Peter Nicholls, the author of one of the first book-length treatments of Oppen’s career, refuses this kind of aggrandizing logic. George Oppen and the Fate of Modernism is a densely written academic book, but it is not showy; it attends to Oppen’s life and work with a modesty that feels seductive, not shy. For instance, Nicholls tracks Oppen’s longstanding engagement with Heidegger meticulously, and while highlighting Oppen’s one remark about the “danger” of Heidegger’s fascination with nation and folk, he admits that “there is little evidence, published or unpublished, that Oppen himself was much concerned on this score.” At the same time, Nicholls maintains rightly that Oppen did not simply exchange his Marxism for Heideggerian existentialism: “It was actually a matter of rediscovering politics, but this time in the ‘existential world’ of being and making rather than in that other world in which ‘knowledge’ had been devalued to the currency of conspiracy and surveillance.” No matter what world he lived in, Oppen wanted the limitations of his language to be recognized.

For this reason, as Nicholls demonstrates, Oppen’s poems rarely contain philosophical arguments, just as they rarely contain political arguments. The wonder of existence is registered not only in what Oppen’s poems say–

In the small beauty of the forest
The wild deer bedding down–
That they are there!

–but in their manner of saying: rather than providing the evidence of completed thought, the poems disclose the process of thinking as it happens. Nicholls is more interested in Oppen as a thinker than as a poet, but he allows Oppen to be everything that he was, refusing–like Oppen himself–to ask poetry to shoulder responsibilities it cannot bear.

“I could not have continued as I was going with my early poems,” says Oppen in the daybooks, looking back on his years of silence. “And we devoted ourselves to creating happiness for the three of us, and for a few friends and their children so far as possible.” This unwillingness to exaggerate the importance of his actions–an eagerness to honor family life as much as any other social institution–is Oppen’s signature. It may not be glamorous to suggest that Oppen stopped writing in large part to devote himself to his family, his friends and their children, but whatever else he was, Oppen was a man whose mother had shot herself when he was 4 years old. Half a century later, he could recite the suicide note from memory: “We’ve been happy–I love you–I worry about the children and school and their clothes–it seems–since I did this and don’t know why–that I am not fitted for the business of life.”

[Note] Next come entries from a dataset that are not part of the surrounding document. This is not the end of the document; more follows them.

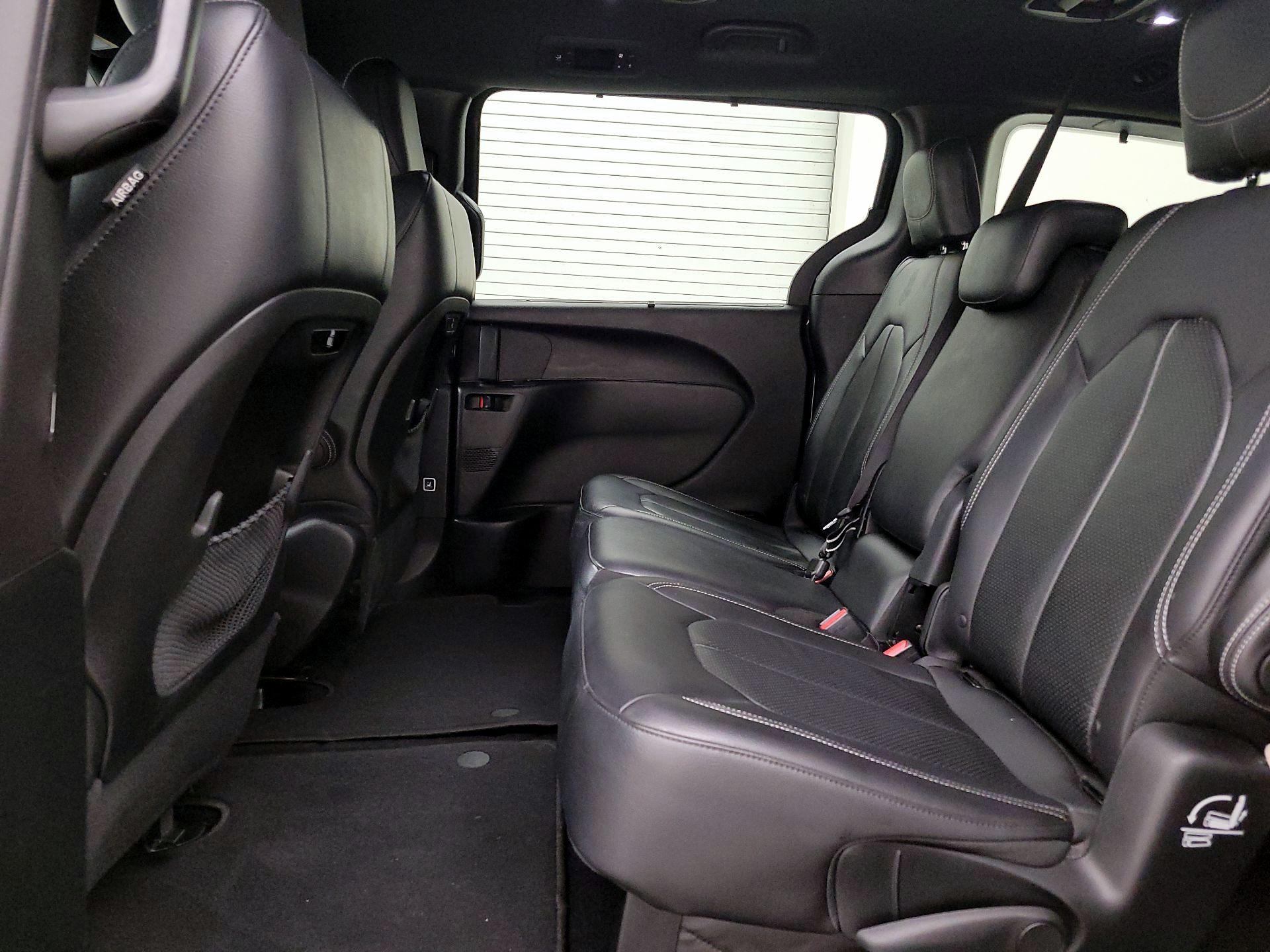 Thumbnail: 2018 Chrysler Pacifica - 19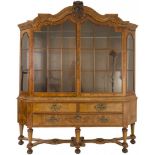 A Dutch display cabinet, ca. 1700.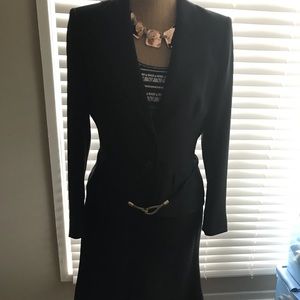 Ultra professional black 2 pc skirt suit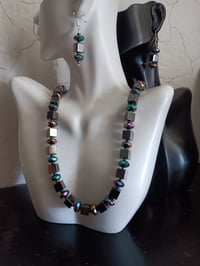 Image 1 of HEMATITE CUBES, MINIATURE AND FACETED OIL SPILL HEMATITE BEADS 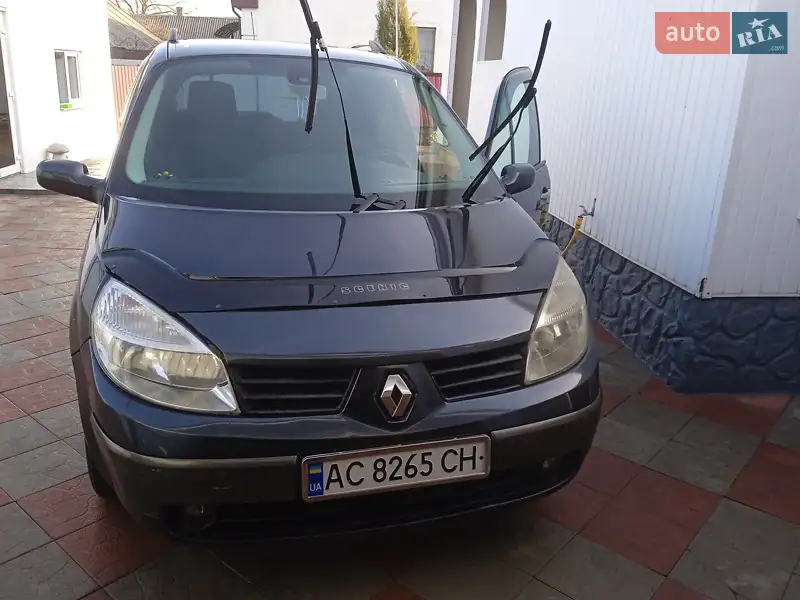 Renault Megane Scenic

“Art [is] as old as civilization,” says Oppen in the daybooks. “If one can add one thing to so long a history, one color or shape or tone, one perception to so long a history, that is a great deal to do.” Here, in the concluding lines of “A Narrative,” is the tone Oppen added to the history of poetry:

I thought I had encountered

Permanence; thought leaped on us in that sea
For in that sea we breathe the open

Of place, and speak
If we would rescue
Love to the ice-lit

Upper World a substantial language
Of clarity, and of respect.

Oppen is thinking of Orpheus here, the poet who failed to rescue his love, the dead Eurydice, to the upper world. To test oneself, Oppen recognized, is to know failure. Oppen’s victories are no less great for being small.